Todos os dias são dia-de-qualquer-coisa: dia da felicidade, dia dos irmãos, dia do animal de estimação, dos namorados, dos casados, dia do sono e da gargalhada. Esquecerei aqueles que desconhecia até existirem redes sociais que sabem tudo sobre todos os assuntos e restrinjo-me às comemorações de que me lembro desde pequenina. E falo desta relação complicada com os dias especiais.
Eu sou um bocadinho implicativa com dias especiais (um bocadinho grande, verdade seja dita). Tenho a certeza que o sou porque cresci com a mais doce mas amuada das criaturas: o meu pai. O homem de barbas, costas curvadas e duas rugas permanentes na testa, odiava o Natal, detestava o Carnaval, não entendia o dia dos namorados, não simpatizava com o dia em que fazia anos, e fazia um esforço estoico para ir comigo comprar uma prenda para o dia da mãe.

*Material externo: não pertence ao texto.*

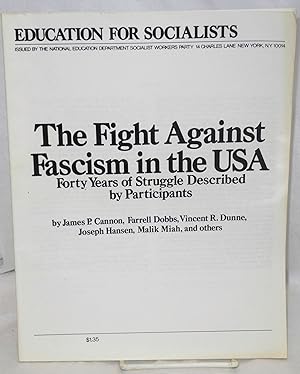 Image du vendeur pour The fight against fascism in the USA. Forty years of struggle described by participants mis en vente par Bolerium Books Inc.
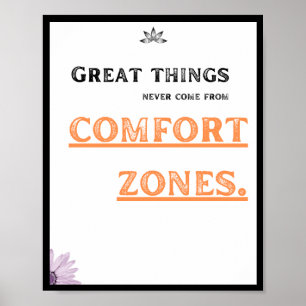 Great things never come from comfort zones, Quote Poster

Herdei dele esse lado implicativo. Refilo porque é tudo inventado para vender e acho sempre que nestas datas fica tudo mais caro. Para além disso, não gosto que desconheçam que cada dia especial tem uma história que o justifica. Sou muito chata na missão de explicar a existência de São Valentim, a morte de um grupo de mulheres numa fábrica no dia 8 de março, as lutas sindicais que explicam a escolha do 1 de maio, o feriado religioso que comemorava o dia da mãe ou a história do nascimento de Jesus e a viagem dos três Reis Magos.
Cresci a achar que o meu pai não ligava nenhuma ao 19 de março nem a todas as prendas esforçadamente feitas por mim na escola. Depois da morte dele, quando fui ao local de trabalho buscar as coisas que lhe pertenciam, descobri todos os meus presentes perfeitamente alinhados (como tudo o resto) em cima da secretária. Nesse dia percebi que o meu pai, mais do que implicativo e amuado, protegia-se de tudo o que o comovia. E eu, apesar de ter herdado muito do meu pai – e de querer que os meus filhos sintam em mim o elemento forte, protetor e constante -, não me importo de chorar e de lhes repetir como adoro os presentes que fizeram, mesmo que não se perceba nada. E de dar importância aos dias que eles sentirem como importantes. Sem compras mas com todos os mimos. E com sorte de sorte de partilhar com os pais deles essa forma de estar e de sentir.